### [THE DATA]
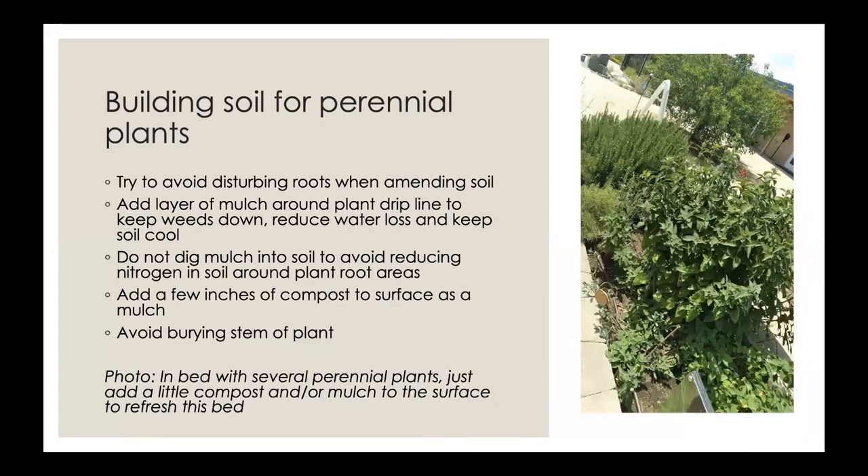If there are perennial plants that are going to stay in the bed, avoid disturbing the roots when amending the soil. Spread mulch over the surface — you don't want to mix it into the soil because it will bind with the nitrogen and keep it from the plant roots. When you spread mulch, keep it away from the stem of the plant and away from tree trunks to avoid decay and disease. Just add a little compost and/or mulch to the surface, and that's all you really need to do.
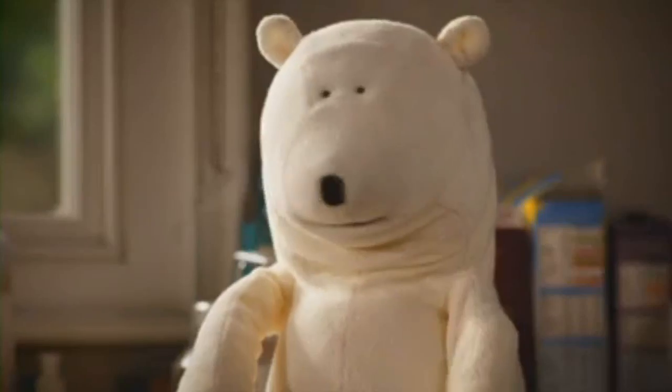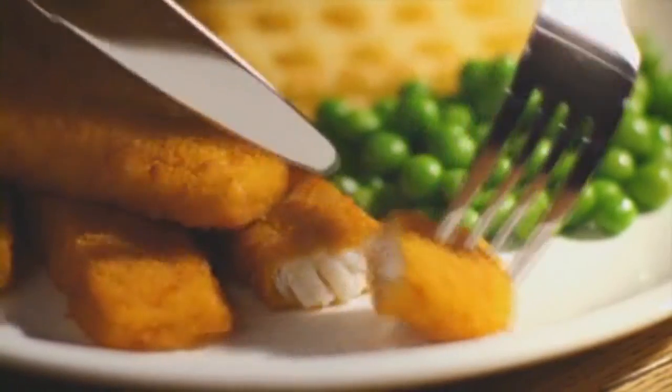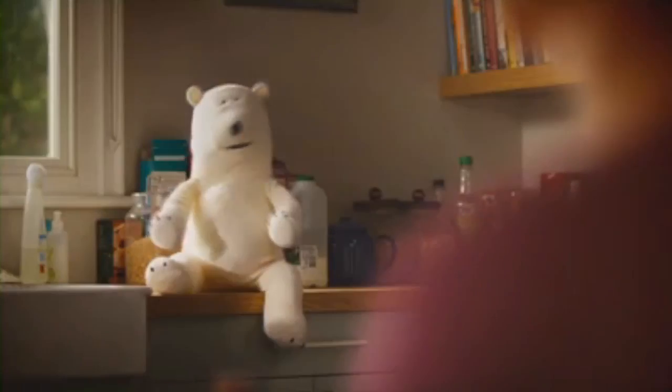Fish fingers. Good call. Made with 100% fish fillet. Kids love them. Perfect for teatime.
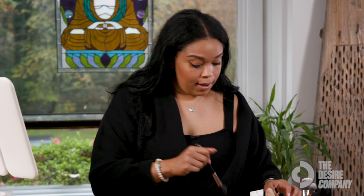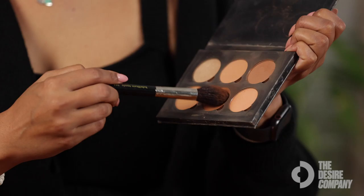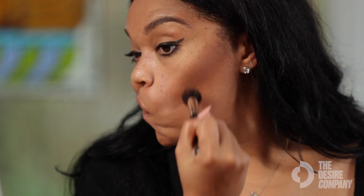I'll use my contour brush and I'm just going to use the darkest shade in this palette, making sure I get plenty of product on the brush. Then I'm just going to go back in. I like to kind of squeeze or suck my cheeks in and go right in there where that line kind of hits.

### [WORK TASK]
Without including any pictures, print all of the material exactly as given.

### [EXERCISE RESPONSE]
If there are perennial plants that are going to stay in the bed, avoid disturbing the roots when amending the soil. Spread mulch over the surface — you don't want to mix it into the soil because it will bind with the nitrogen and keep it from the plant roots. When you spread mulch, keep it away from the stem of the plant and away from tree trunks to avoid decay and disease. Just add a little compost and/or mulch to the surface, and that's all you really need to do.
Fish fingers. Good call. Made with 100% fish fillet. Kids love them. Perfect for teatime.
I'll use my contour brush and I'm just going to use the darkest shade in this palette, making sure I get plenty of product on the brush. Then I'm just going to go back in. I like to kind of squeeze or suck my cheeks in and go right in there where that line kind of hits.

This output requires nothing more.